The Federal Government drew about $1.5 billion over the past two weeks through a Total Return Swap (TRS) transaction with First Abu Dhabi Bank (FAB).
The financing forms part of the broader $5 billion facility approved earlier this year.
What the report is saying
The report stated that Nigeria will provide naira-denominated securities valued at 133.3% of the loan amount as collateral for the transaction, while international financial institutions continue to express concerns about the risks associated with such derivative-based financing structures.
- The International Monetary Fund (IMF) warned that elements of the transaction “could give rise to political constraints on monetary or exchange rate policy.”

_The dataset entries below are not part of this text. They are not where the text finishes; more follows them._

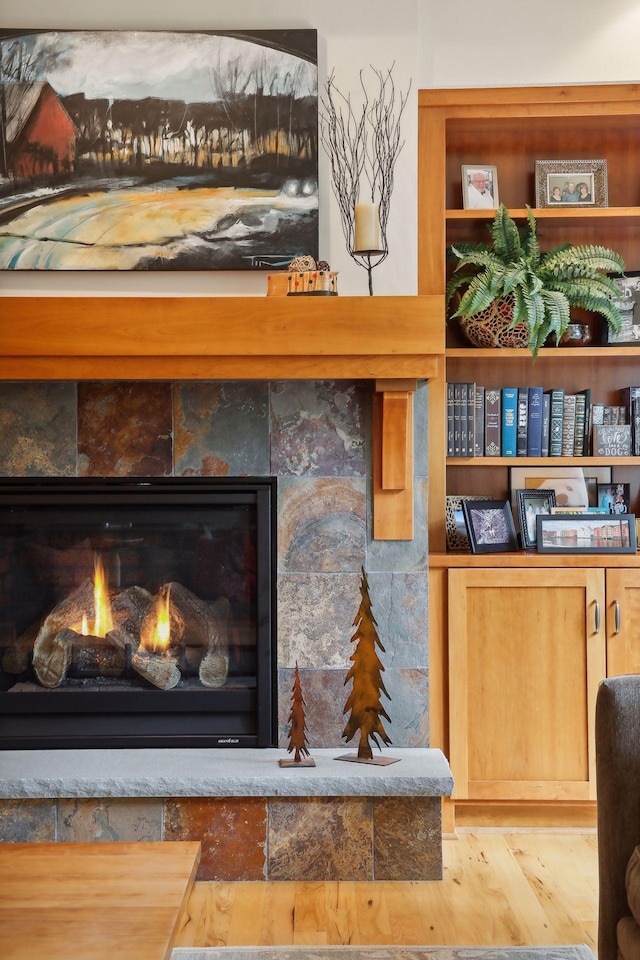 interior details with a lit fireplace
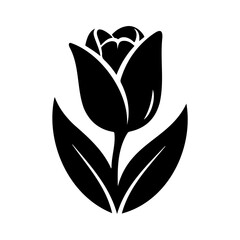 A black silhouette of a tulip flower with leaves on a white background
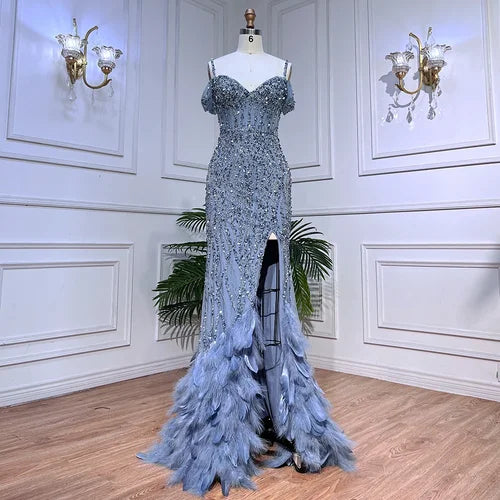 Black Luxury Beaded Feathers Mermaid Evening Dress Off Shoulder Sexy Slit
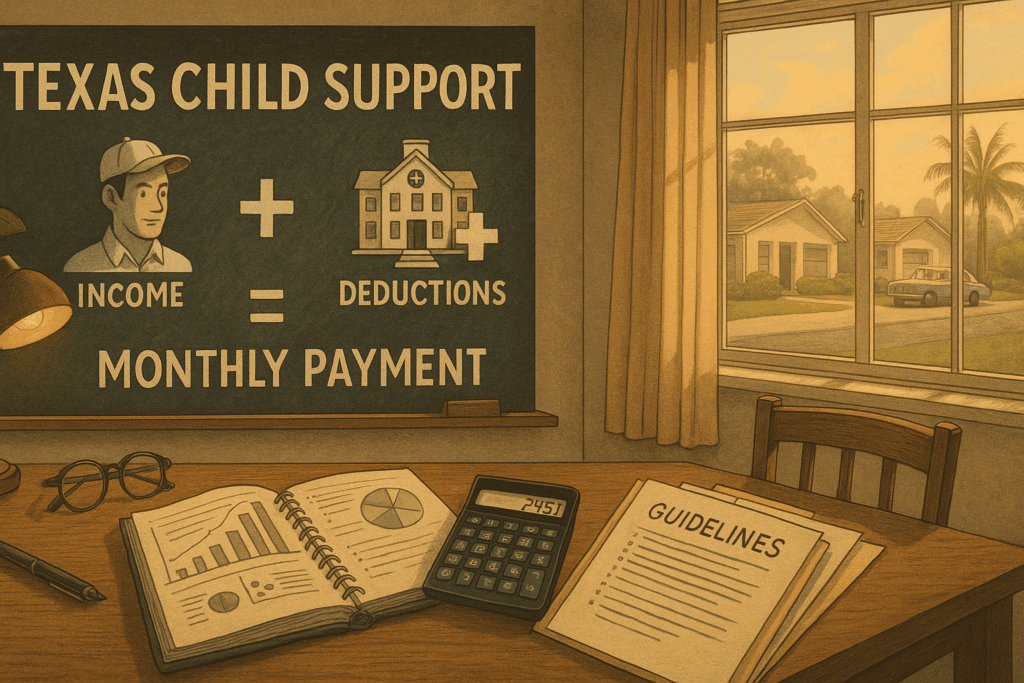 An illustration showing the calculation process for Texas child support.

- Fitch Ratings noted that dollar-denominated margin calls against naira collateral could increase foreign exchange pressure if domestic yields rise or the naira depreciates.
Moody’s Ratings said such swap arrangements “introduce credit risks that are not present in traditional commercial borrowing.”

The report noted that officials from Nigeria’s Ministry of Finance and the Debt Management Office did not respond to requests for comment, while First Abu Dhabi Bank declined to comment on client transactions.
More Insights
The financing is expected to support the government’s debt management strategy by replacing more expensive borrowings while helping finance the country’s fiscal deficit.
- The first tranche is priced at 395 basis points above the Secured Overnight Financing Rate (SOFR), rising to SOFR plus 400 basis points thereafter.
- Nigerian lawmakers previously described the pricing as competitive when approving the transaction in April.
- The transaction further expands Nigeria’s financial relationship with First Abu Dhabi Bank, which had earlier provided about $1.2 billion to support the construction of a section of the Lagos-Calabar Coastal Highway.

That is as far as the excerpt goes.